--- Exercise data ---

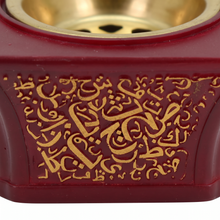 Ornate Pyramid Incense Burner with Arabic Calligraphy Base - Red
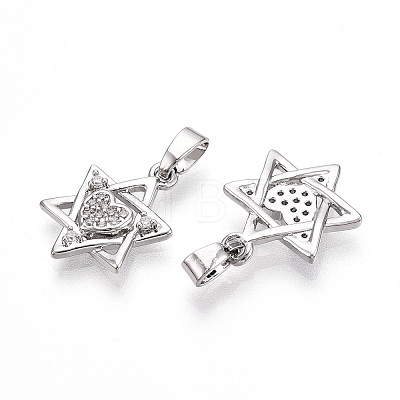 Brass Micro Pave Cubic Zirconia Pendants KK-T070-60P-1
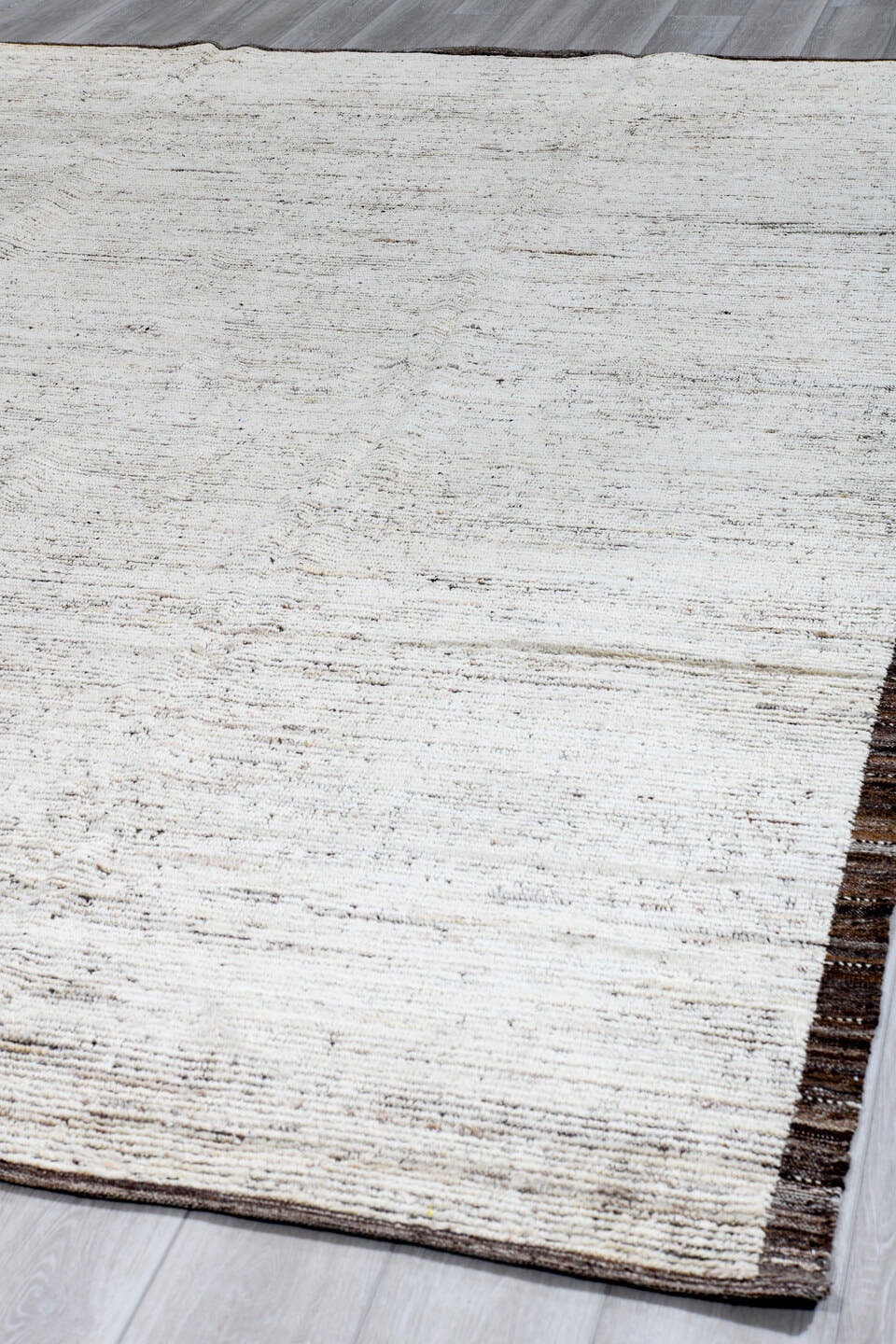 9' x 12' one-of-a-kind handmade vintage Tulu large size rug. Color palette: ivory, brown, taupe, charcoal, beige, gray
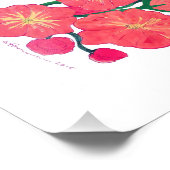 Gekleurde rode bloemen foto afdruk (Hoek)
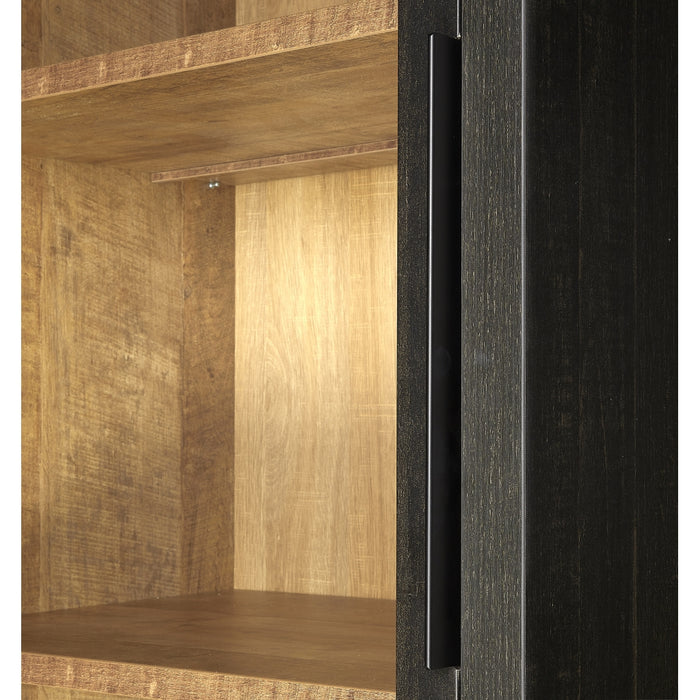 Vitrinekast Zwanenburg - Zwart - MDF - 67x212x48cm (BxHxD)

---
--- Exercise data ---

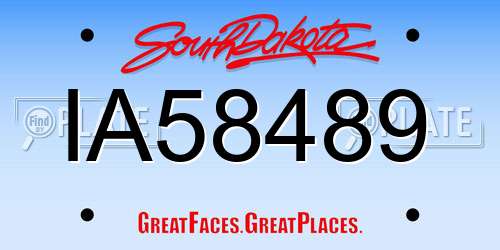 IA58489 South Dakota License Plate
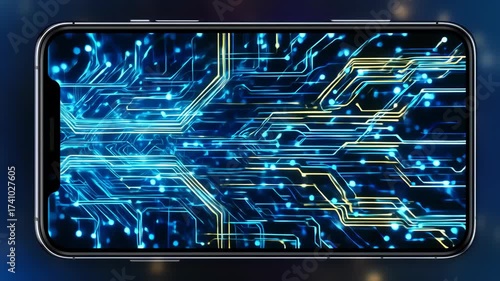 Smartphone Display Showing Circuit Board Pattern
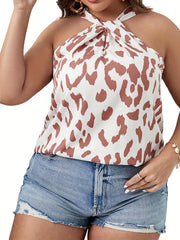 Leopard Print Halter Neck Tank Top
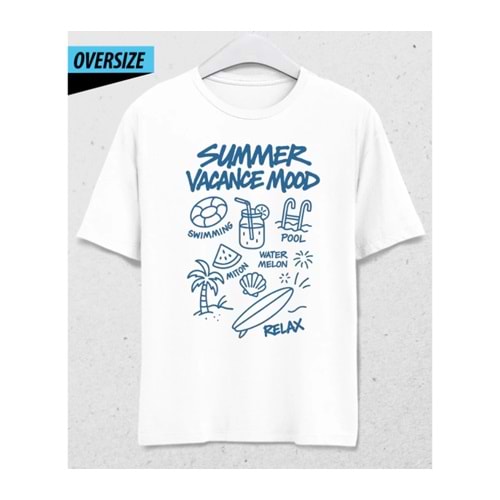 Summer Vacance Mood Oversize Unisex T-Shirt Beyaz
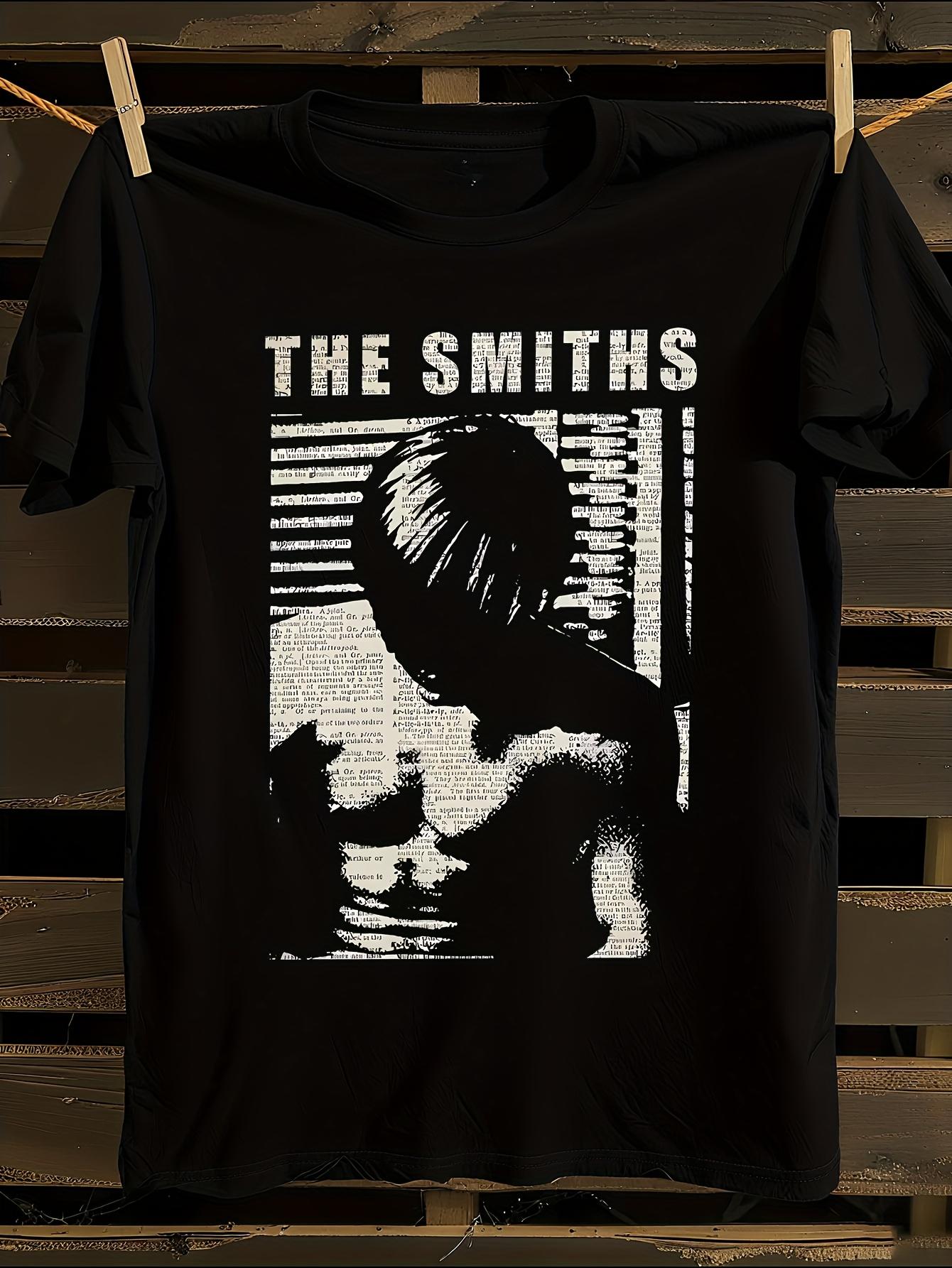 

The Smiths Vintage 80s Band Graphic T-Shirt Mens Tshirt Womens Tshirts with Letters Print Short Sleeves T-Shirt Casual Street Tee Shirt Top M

---
--- Exercise data ---

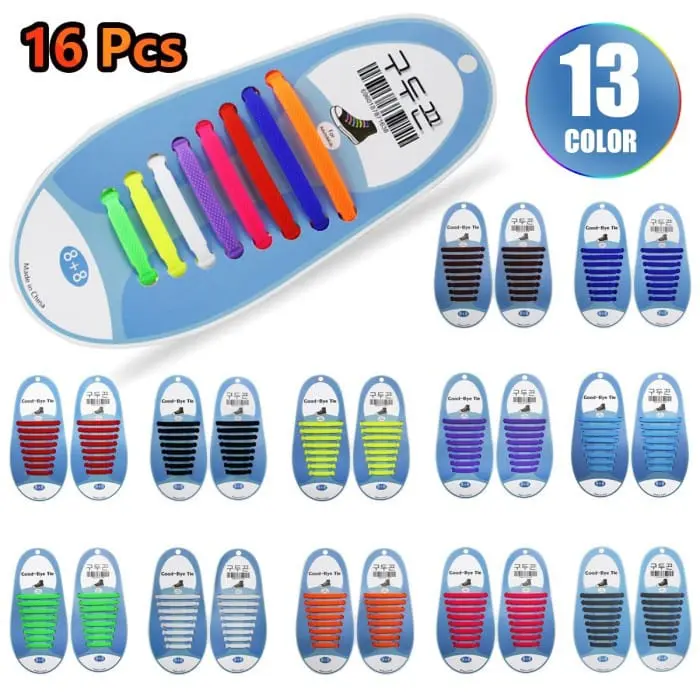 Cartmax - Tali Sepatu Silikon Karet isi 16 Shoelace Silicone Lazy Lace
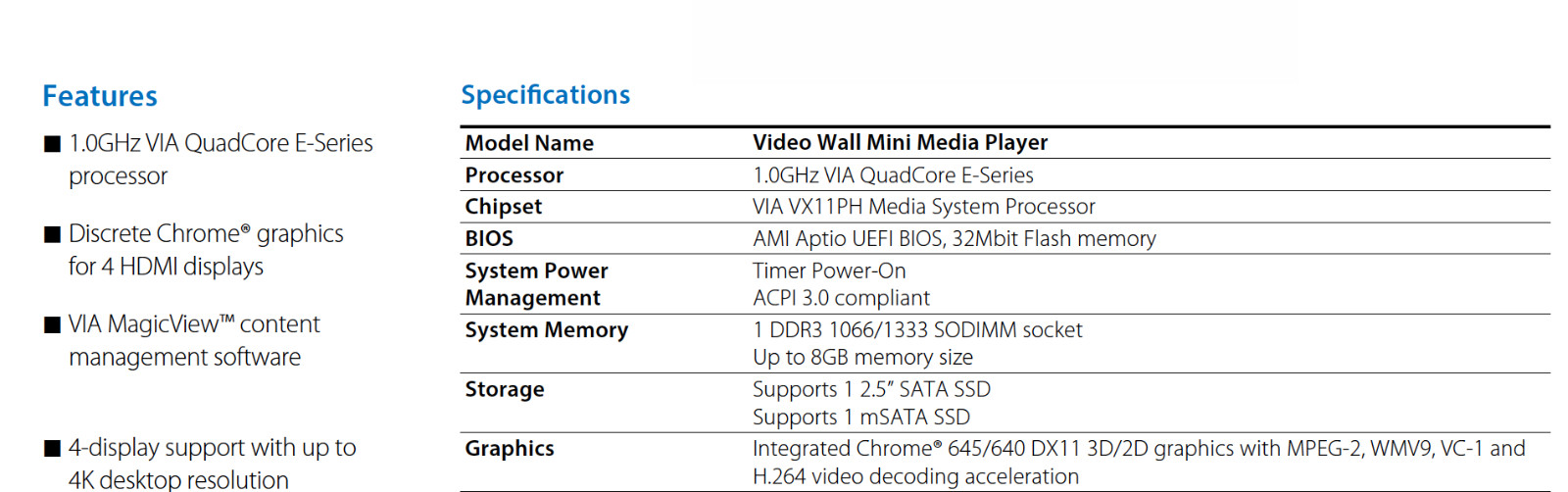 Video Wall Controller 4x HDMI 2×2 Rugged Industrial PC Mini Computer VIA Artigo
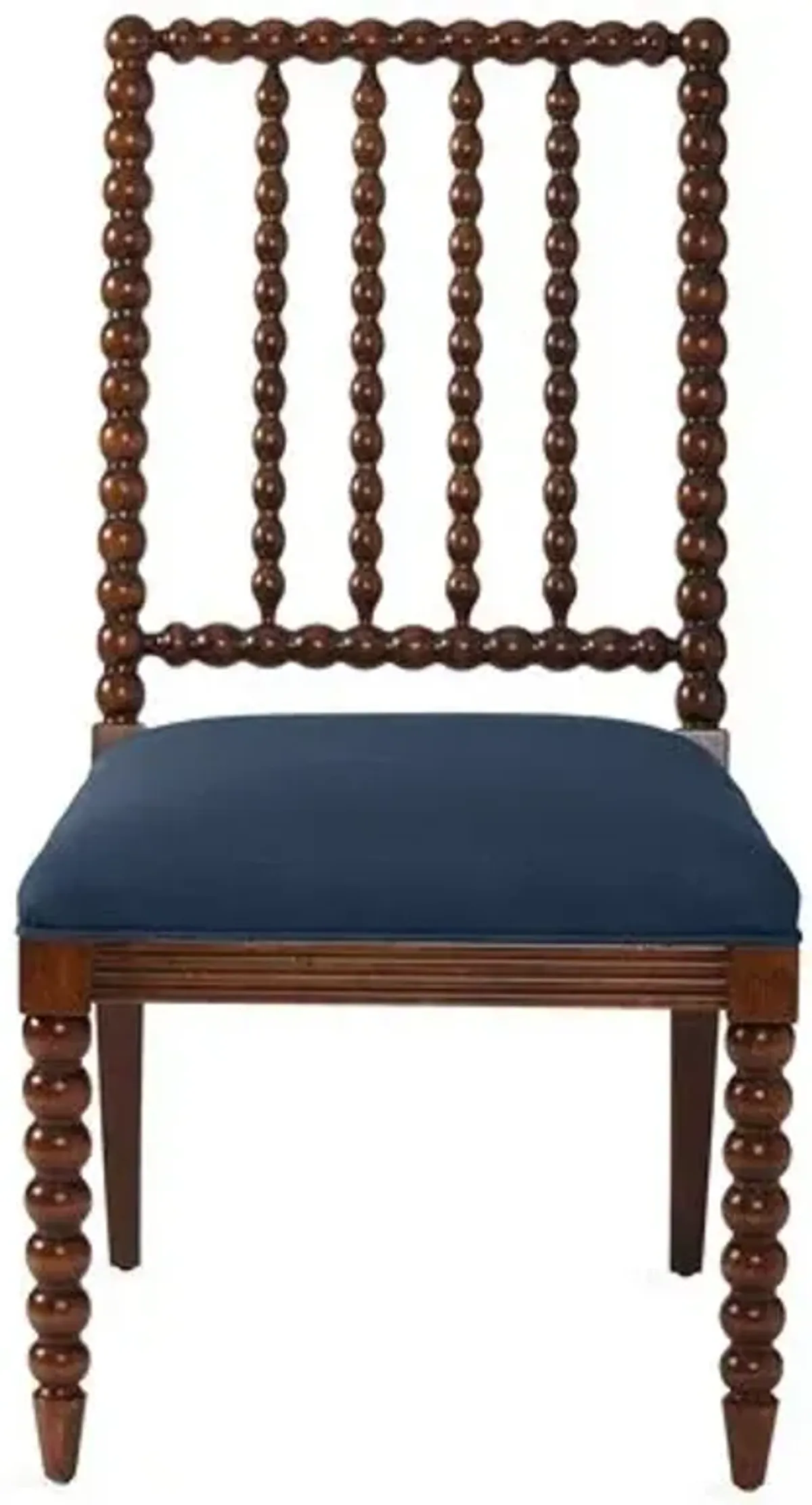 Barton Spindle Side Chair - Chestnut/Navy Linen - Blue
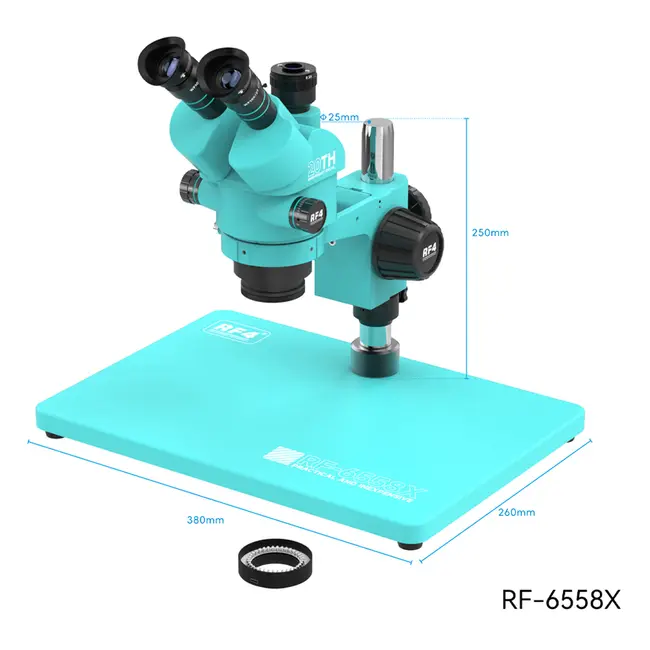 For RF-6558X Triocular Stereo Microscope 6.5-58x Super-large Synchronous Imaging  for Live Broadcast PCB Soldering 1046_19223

---

* **Problem description**
Output exactly the lines above, beginning at the one with "Cartmax - Tali" and stopping after the one with "For RF-6558X Triocular". Pictures are to be omitted.

* **Result of this task**
 Cartmax - Tali Sepatu Silikon Karet isi 16 Shoelace Silicone Lazy Lace
 Video Wall Controller 4x HDMI 2×2 Rugged Industrial PC Mini Computer VIA Artigo
 Barton Spindle Side Chair - Chestnut/Navy Linen - Blue
 For RF-6558X Triocular Stereo Microscope 6.5-58x Super-large Synchronous Imaging  for Live Broadcast PCB Soldering 1046_19223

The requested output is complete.